Two days after being unveiled, the new logo of the Philippine Amusement and Gaming Corp. (Pagcor) continued to draw scrutiny not only for its design and rationale, but also for its P3-million price tag and other issues.
Members of the Makabayan bloc at the House of Representatives on Wednesday afternoon filed a resolution seeking an inquiry into the “questionable” contract awarded by Pagcor for the rebranding project.
The lawmakers noted that the contract was awarded to Printplus Graphic Services, an entity enrolled in the Philippine Government Electronic Procurement System (PhilGEPS) just last month and registered in the Department of Trade and Industry in March 2021 with “only a barangay scope for its business name.”
Filed by ACT Teachers Rep. France Castro, Gabriela Rep. Arlene Brosas and Kabataan Rep. Raoul Manuel, the resolution cited the wave of criticism triggered by the logo since being launched by Pagcor on July 11 for the gaming regulator’s 40th founding anniversary.

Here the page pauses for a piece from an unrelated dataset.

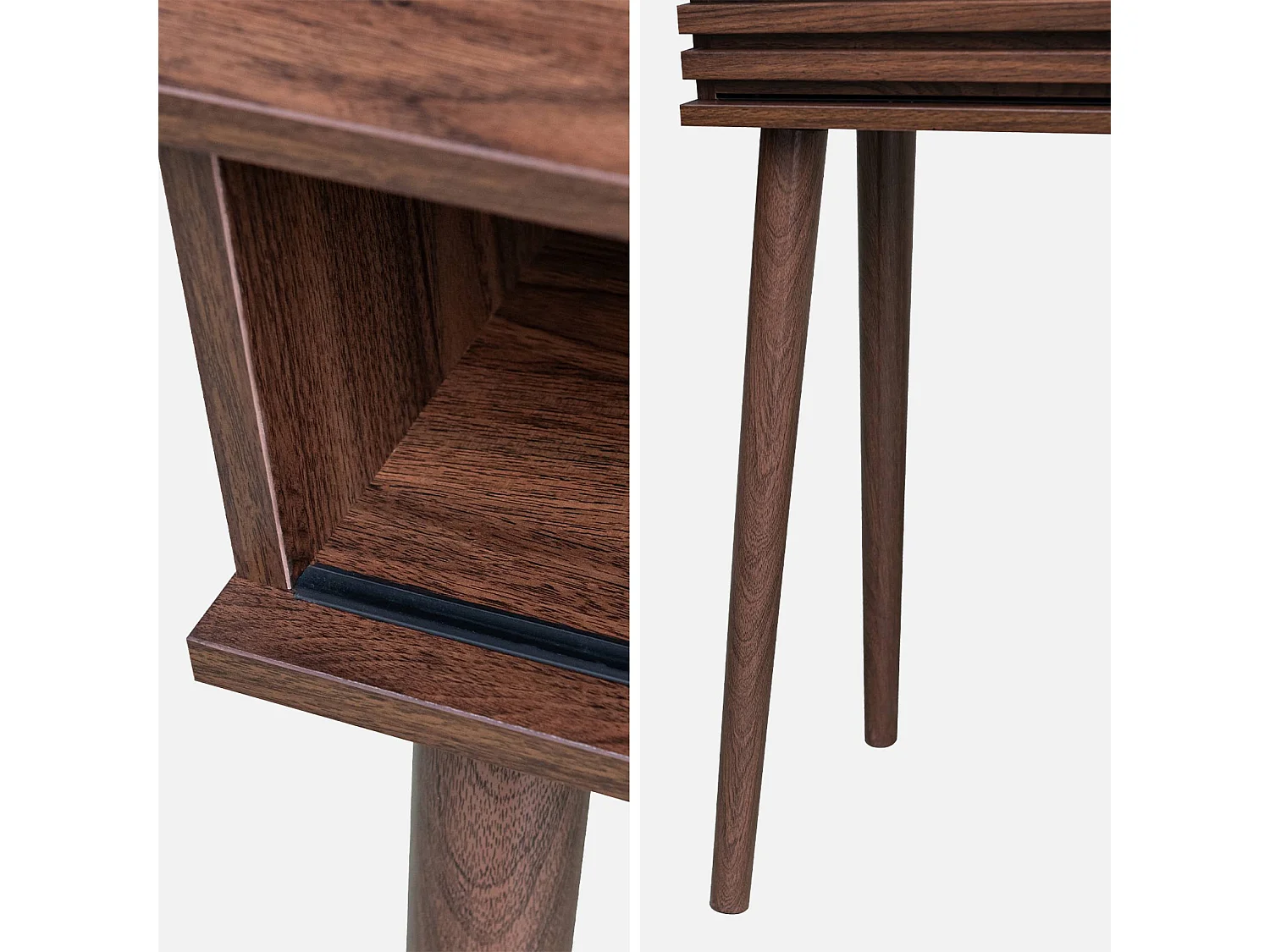 Consolle con 2 cassetti effetto legno naturale, 100cm, noce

The lawmakers cited what they considered an “incongruity between the amount of the contract and the output delivered by Printplus Graphic Services.”

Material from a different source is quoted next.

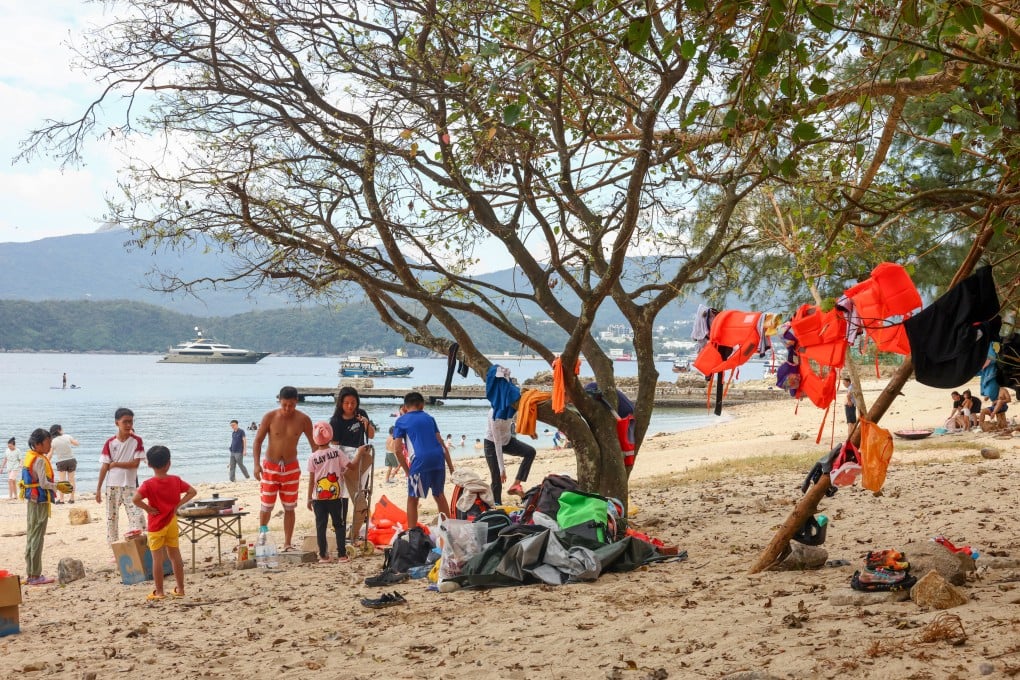 Some tourists on Sharp Island camped overnight and cooked during the National Day holiday. Photo: Dickson Lee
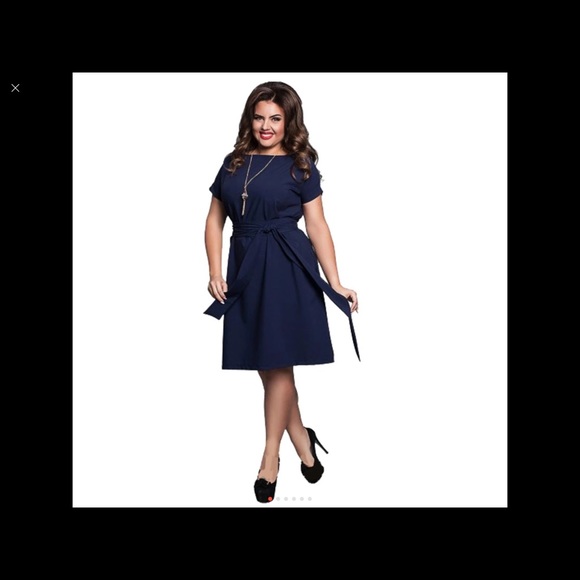 Crimson/red shift dress with tie waist. - Picture 3 of 5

“Netizens have noted the output’s similarities to the logos of a noodles brand and petroleum company, and that the new P3.036-million logo looks like something done by a Grade 1 pupil or kindergartner,” they said.

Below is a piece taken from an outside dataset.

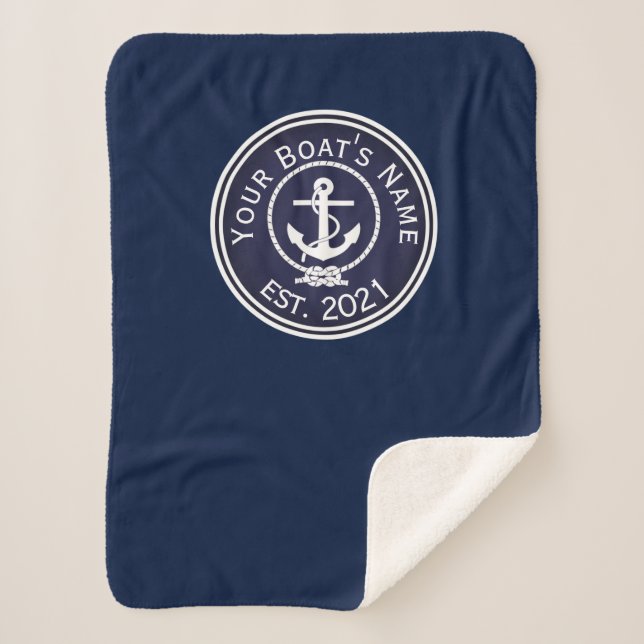 Anchor Nautical Seal   Sherpa Blanket (Front)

“It is imperative for Congress to ensure that public funds are used efficiently and effectively and that government agencies are held accountable for their actions,” they stressed.
The new Pagcor symbol was reportedly designed by multiaward-winning artist Fransisco Doplon, whose past works of note included commemorative logos for the University of Santo Tomas and the Cultural Center of the Philippines, among others.
A similar demand for Pagcor to explain came from an opposition senator on Thursday.
Why still outsourced?
“The questions popping up in the minds of the public are very reasonable: who proposed this new logo design? Isn’t matters like this supposed to be in-house jobs? If it is outsourced, who is that agency?” asked Sen. Risa Hontiveros.
“(This is) possibly worth an investigation and we in the (Senate) minority are aware that despite our continuous work on various bills, we expect a resolution to investigate this,” she said, adding:
“Why is Pagcor concerned with a change in logo when it could have been attending to other more urgent problems that needed urgent solutions—at least from the perspective of the Senate committee on women—such as how Pagcor-licensed Pogo companies have been involved in human trafficking and cyberscamming.”
According to Hontiveros, her office has also taken note of reports that Pagcor is spending a “substantial” amount for the construction of its main office.
Flame of change
Pagcor has yet to issue a statement addressing the brouhaha since the logo’s launch. But according to the emcee of its July 11 anniversary program, the new image “incorporates the element of fire associated with energy, inspiration, passion, and transformation (and) symbolizes the flame that ignites change and drives progress.”
But netizens—including some graphic artists—have since poked fun at the logo, some tweaking it a bit to make it look more like a rooster, a reptile or a horned demon.But behind the mockery was the recurring question: Why replace the old Pacgor logo at all?